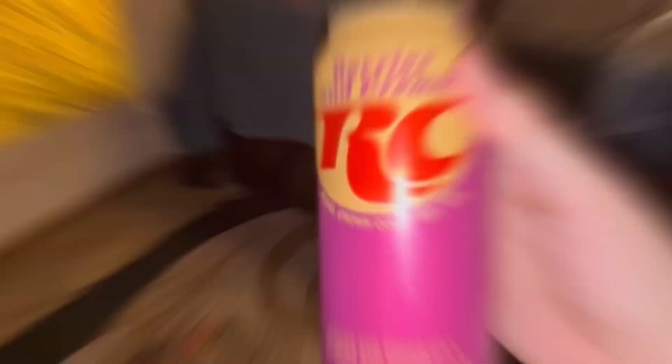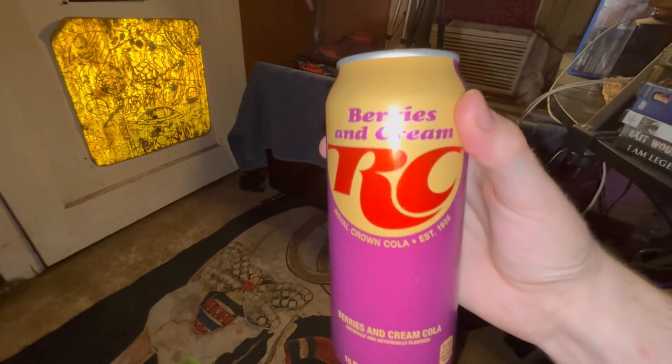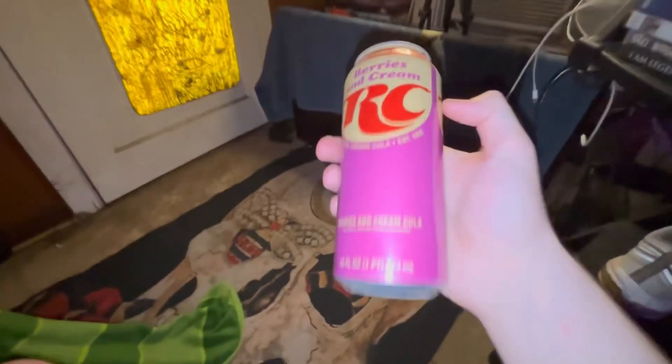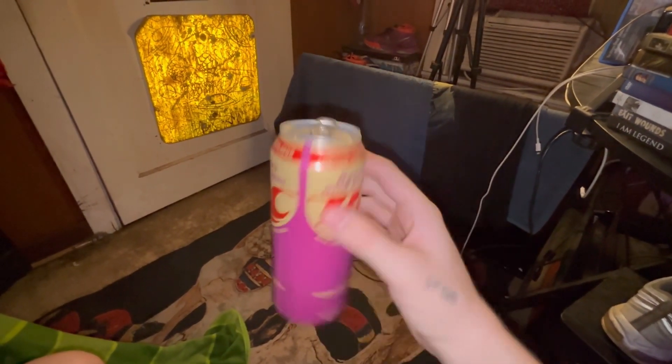The old can said 'limited edition,' and I'm about to show you guys — here's the other can from about a year ago, already been opened. This new one says 'eliminate tom flavor' on the top. Here's an up-close look at RC Berries and Cream, and here's the old 'eliminate tom flavor' can from last year.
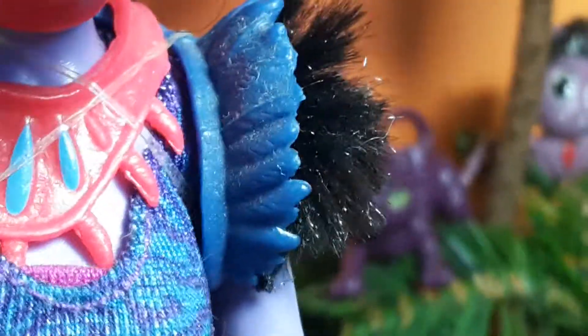For her outfit, she has this blue top with some purple details and her sleeves have this puffy material. In her box artwork it looks like feathers, but they're actually a fluffy kind of material. She also has fake feathers made out of plastic.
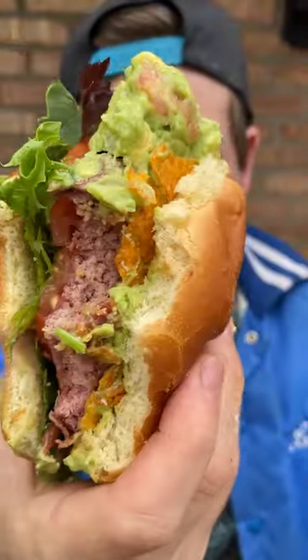You now have the best guacamole Dorito bacon cheeseburger in the whole picnic basket. Now go tell your friends.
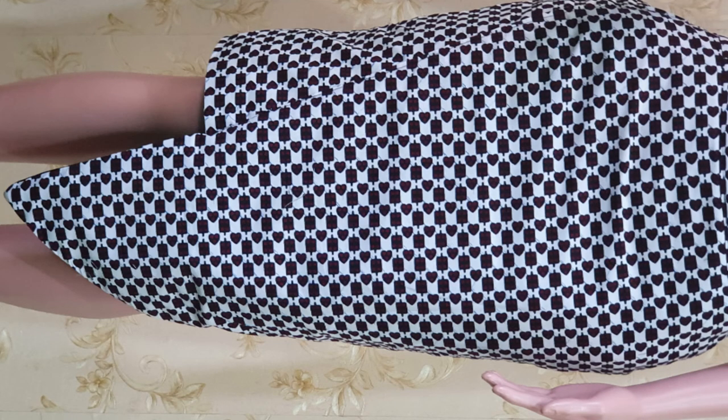Hey guys, welcome back to another tutorial. Today I'm going to show you how to make this simple cape skirt. If you really want to know how I achieved this, please watch to the end of the video, and please don't forget to subscribe, like, share, and comment. Thank you so much — let's get to work.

**TASK TO COMPLETE**
Produce a verbatim copy of the listing, leaving out all pictures.

**TASK ANSWER**
The old can said 'limited edition,' and I'm about to show you guys — here's the other can from about a year ago, already been opened. This new one says 'eliminate tom flavor' on the top. Here's an up-close look at RC Berries and Cream, and here's the old 'eliminate tom flavor' can from last year.
For her outfit, she has this blue top with some purple details and her sleeves have this puffy material. In her box artwork it looks like feathers, but they're actually a fluffy kind of material. She also has fake feathers made out of plastic.
You now have the best guacamole Dorito bacon cheeseburger in the whole picnic basket. Now go tell your friends.
Hey guys, welcome back to another tutorial. Today I'm going to show you how to make this simple cape skirt. If you really want to know how I achieved this, please watch to the end of the video, and please don't forget to subscribe, like, share, and comment. Thank you so much — let's get to work.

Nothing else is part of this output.